Vazir Orujov was born on December 26, 1956, in Xoruzlu village, Tartar region. He was an Azerbaijani Kurd. He received his secondary education at Xoruzlu village High School, and was admitted to Baku Light Industry Technical School in 1974. He was drafted to the military in 1975, demobilized from the army in 1977 and continued his uncompleted secondary specialized education. In 1984 Orujov moved to Belkovo city of Arkhangelsk Oblast, Russia.

== Karabakh war and participation in battles ==
In 1992, being aware of the Khojaly massacre, he came back to Azerbaijan, and joined the Tartar self-defense battalion on May 4. Though Orujov started fighting as a private soldier, within a very short period of time, he was promoted to the position of Deputy Battalion Commander for his command skills. He left his home stating that he was leaving for Tartar city. By taking a gun of wounded police officer he met on his way to Shikharkh, he joined the battle for Aghdara informing no one in this concern.

In August 1992 Orujov was on a reconnaissance mission in Sarsang Reservoir. He was accompanied with 30 scouts armed with PK machine guns. The group of Sardar Hamidov attacked from the front, and the group of scouts of Orujov attacked from the back. The Arabo battalion suffered a great loss in that day.

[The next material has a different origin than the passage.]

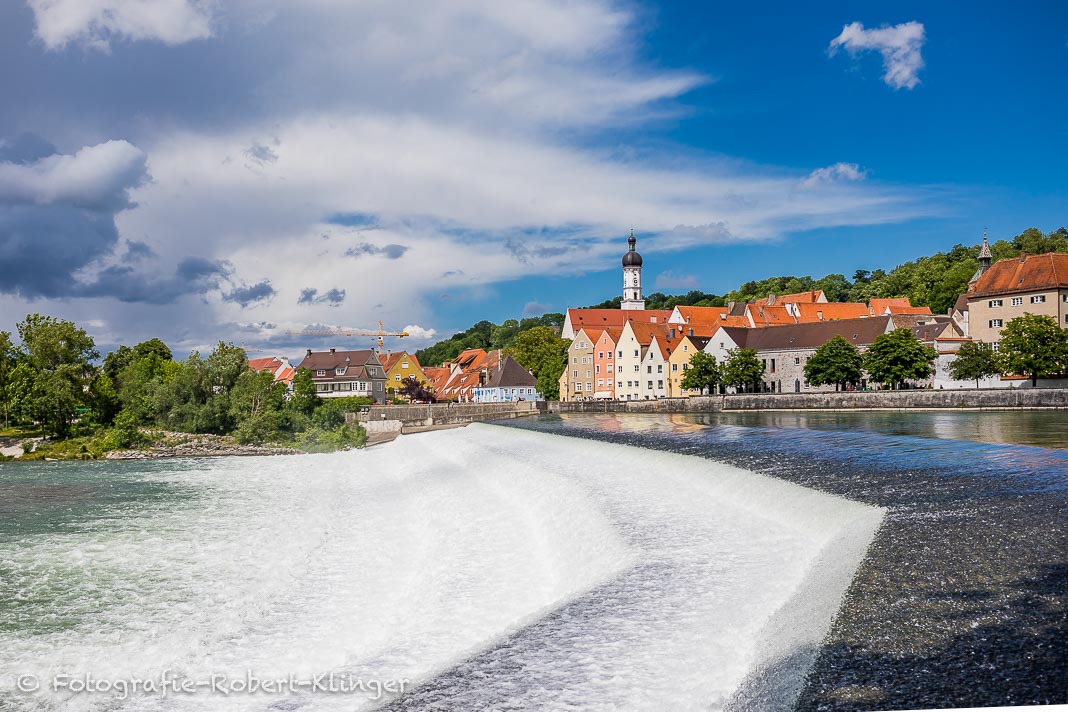 Das Lechwehr und die Altstadt von Landsberg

On September 1, 1992, in a battle for Childiran village while intending to shoot the tank of the enemy, he was hardly wounded. On March 22, 1993, in hard battles for Globus height of Aghdara he died.

== Honors ==
Orujov was buried in Martyrs' Lane in Baku city. Pursuant to the decree No.495 of the President of the Republic of Azerbaijan dated March 27, 1993 he was awarded the name of National Hero of Azerbaijan after his death.